"Annunciazione" di Orazio Gentileschi: l'artista inviò il dipinto in dono a Carlo Emanuele I sperando di entrare al suo servizio |
In mostra alla Sabauda: la cultura di un Savoia che vedeva lungo
La prima ha aperto l'altro ieri, e non ne ho scritto subito perché ero indaffarato con la penosa vicenda del Museo del Cinema. Si intitola "Le meraviglie del mondo. Le collezioni di Carlo Emanuele I di Savoia", è ospitata alla Galleria Sabauda e alla Biblioteca Reale, sostenuta dalla Consulta per i Beni Artistici e dalla Compagnia di San Paolo, e rievoca un'avventura straordinaria: quella di Carlo Emanuele I, il primo dei Savoia che sfuggì all'atavica selvatichezza della casata diventando uno dei più raffinati collezionisti d'Europa: con onnivorà voracità riunì una lussureggiante e caotica congerie di dipinti, sculture, capolavori d'oreficeria, libri preziosi, arazzi, armature, curiosità assortite: tesori che in seguito andarono in parte dispersi, e che per la prima volta da allora sono in buona parte riuniti in questa prima grande mostra completamente organizzata dai Musei Reali.Non starò a raccontarvi l'intera storia di Carlo Emanuele I, un Savoia illuminato che aveva capito ciò che oggi i discendenti dei suoi sudditi di allora non riescono più a intravvedere: e cioé che, come dicono le curatrici Pagella e Bava, "per fare grande una capitale, bisognava chiamare i più importanti architetti e artisti dell'epoca, e accrescere le raccolte della corte". Ovvero: mettere la cultura al centro del progetto di creare dal nulla una capitale europea.
Vabbé, stamattina non mi va di polemizzare. Vi invito però a vedere la mostra. Toglie il fiato.
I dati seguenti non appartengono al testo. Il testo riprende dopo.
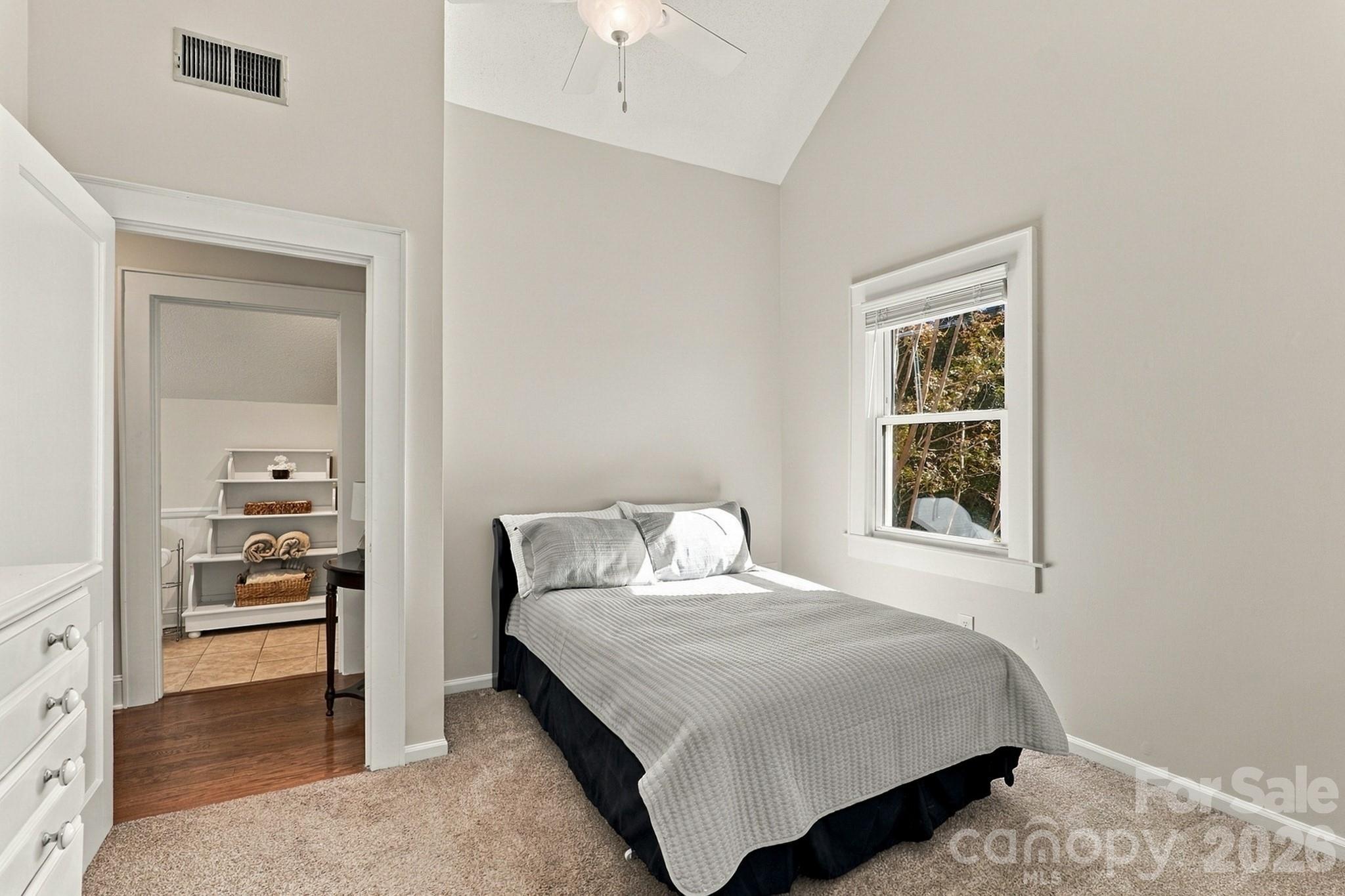 2nd fl bedrm #3 - 736 Arbor Street NE, Concord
Tra parentesi: nel ponte dell'Immacolata, prima cioé che la mostra inaugurasse, i Musei Reali hanno totalizzato ben 12 mila visitatori. I Musei Reali dipendono dal MiBACT, cioé direttamente dallo Stato.
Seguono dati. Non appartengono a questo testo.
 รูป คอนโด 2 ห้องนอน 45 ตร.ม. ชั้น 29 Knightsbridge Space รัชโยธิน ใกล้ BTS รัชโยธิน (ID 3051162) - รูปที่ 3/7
In mostra al Museo Fico: la dignità perduta degli italiani
Tullio Farabola, "Bicicletta con carrozzino", 1945. In mostra al Museo Fico |
Gli scatti dei più grandi fotografi del Novecento, italiani (da Barengo Gardin a Scianna, da Samughero al "re dei paparazzi" Secchiaroli) e stranieri (da Robert Capa a Cartier Bresson), accompagnano il visitatore in un "viaggio in Italia" dal 1932 al 1968, dal Nord al Sud, dai campi alle officine, dai villaggi sperduti alle grandi città. Un'emozione per chi quegli anni ha vissuto, una scoperta per i giovani. Quelle foto sono la nostra identità, la nostra storia che stiamo dimenticando e rinnegando. Le foto più commoventi sono quelle che mostrano l'Italia del dopoguerra e della ricostruzione, la nostra miseria e la nostra nobiltà, entrambe oggi perdute.
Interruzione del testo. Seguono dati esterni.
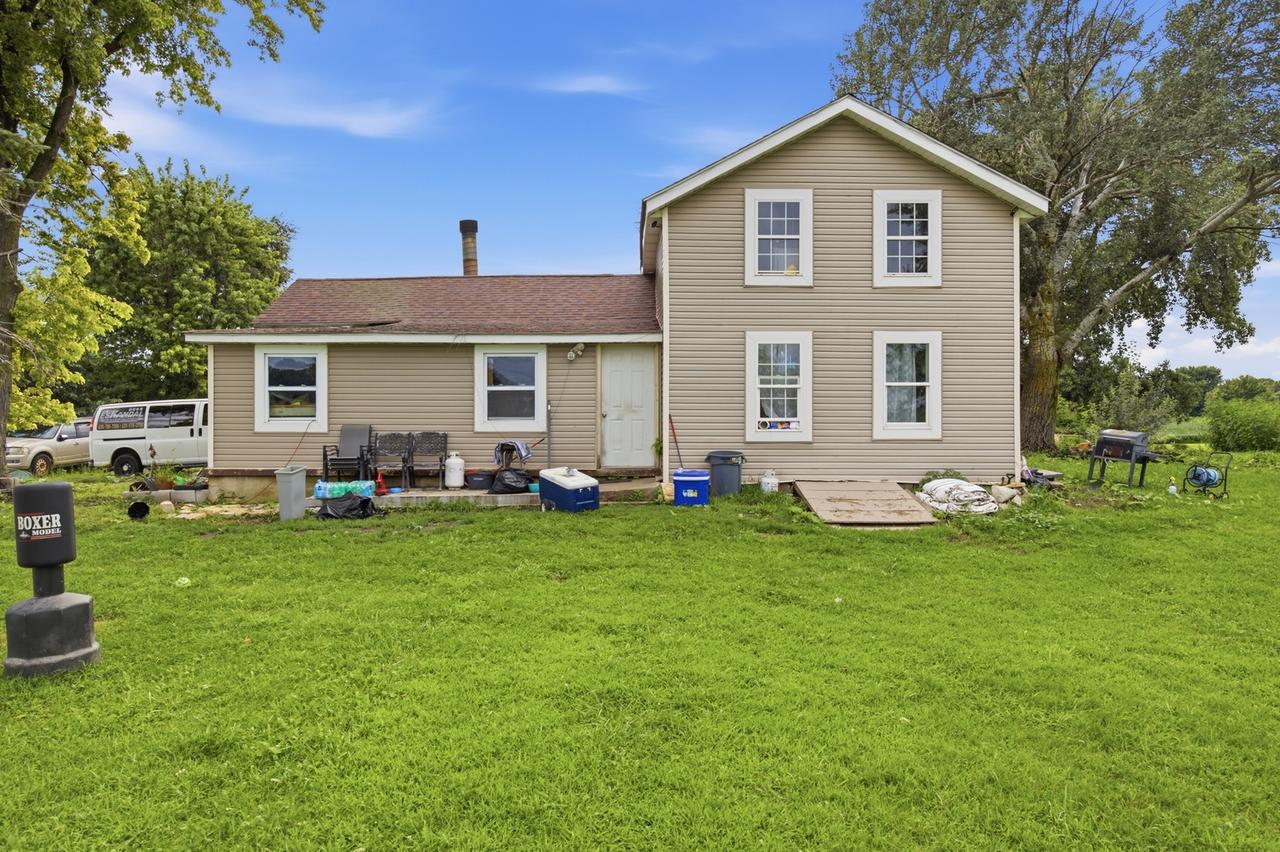 0S086 Harter Rd., Maple Park, IL 60151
I volti e gli sguardi di quegli italiani degli anni Quaranta-Cinquanta hanno, pur nella povertà, e fin nella disperazione, una dignità, una consapevolezza, una forza interiore che invano cercheresti nei grugni abbruttiti dal rancore e dalla protervia di chi oggi vomita odio e cazzate nelle piazze virtuali della tivù e della rete, o dai banchi di qualche consesso sedicente "politico".
Non voglio dire che si stava meglio quando si stava peggio. Ma di certo si incontravano persone più frequentabili.